GIVEN INFORMATION
··········
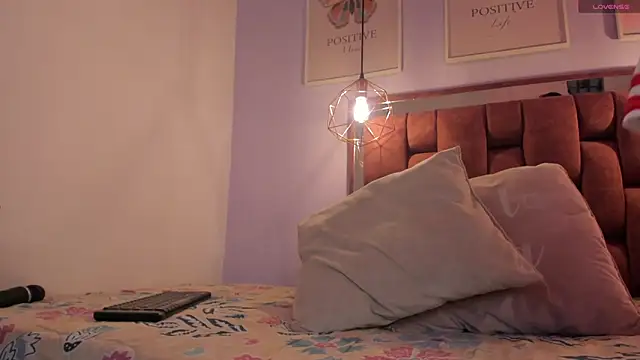 kristakinnky online show from October 3, 2025, 1:41 pm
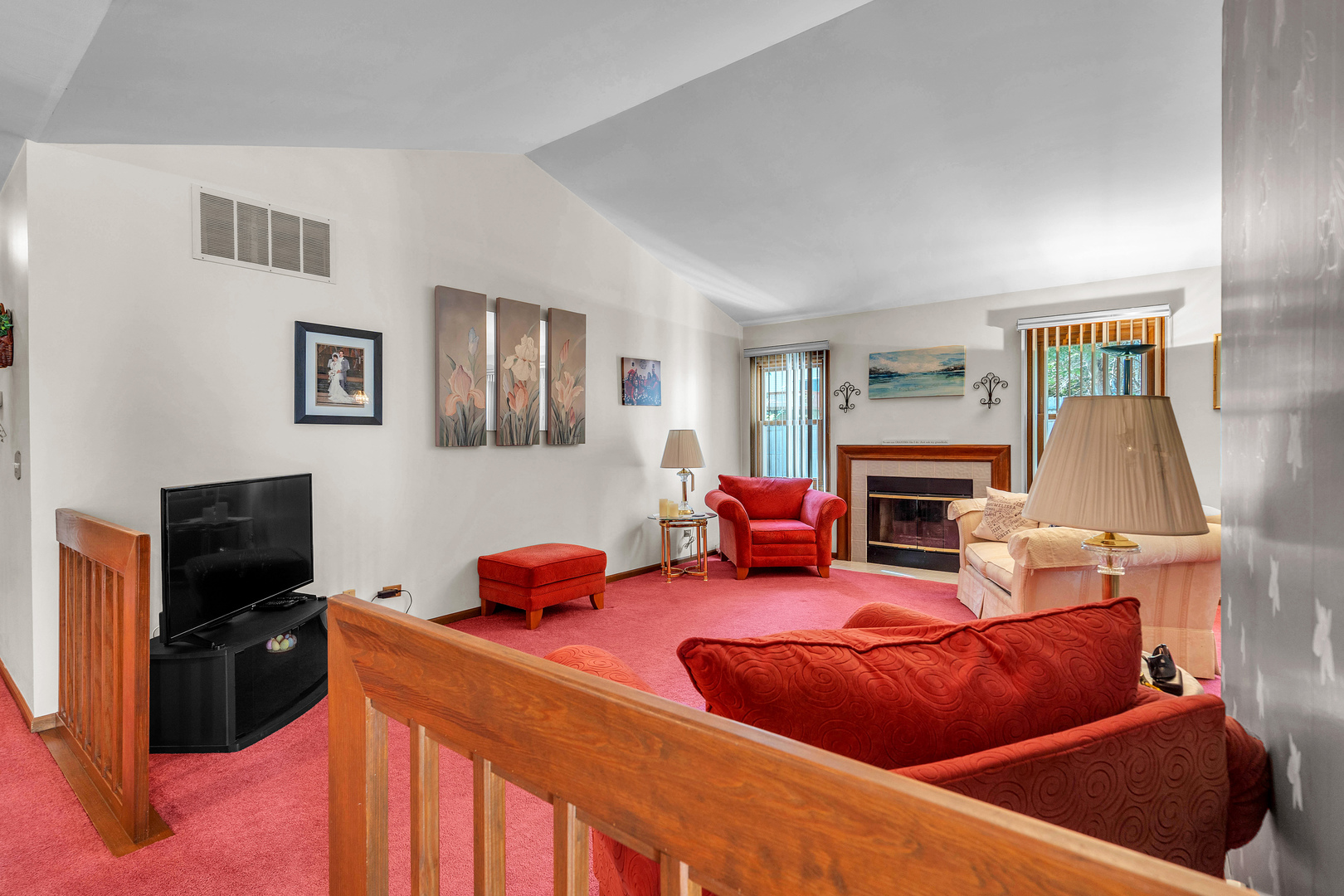 216 Timber Oaks Drive, North Aurora, IL 60542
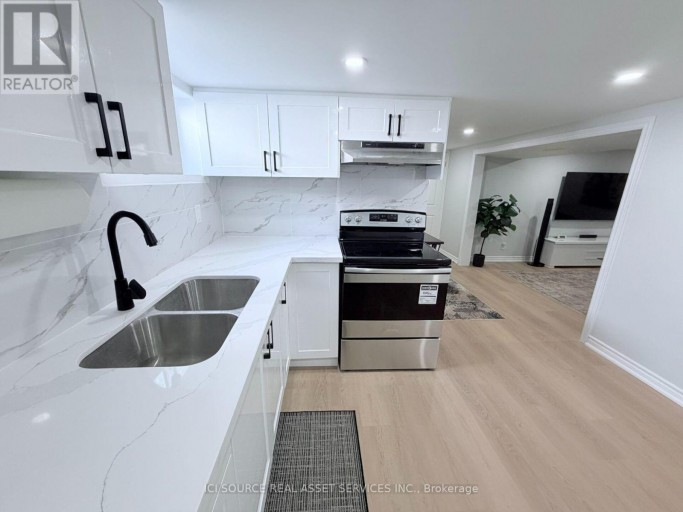 10 DRAPER DRIVE, St. Catharines (Vine/Linwell), Ontario, L2N2Y5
··········
WORK REQUIRED
Please copy the data above character for character, skipping any pictures.

SOLUTION
 kristakinnky online show from October 3, 2025, 1:41 pm
 216 Timber Oaks Drive, North Aurora, IL 60542
 10 DRAPER DRIVE, St. Catharines (Vine/Linwell), Ontario, L2N2Y5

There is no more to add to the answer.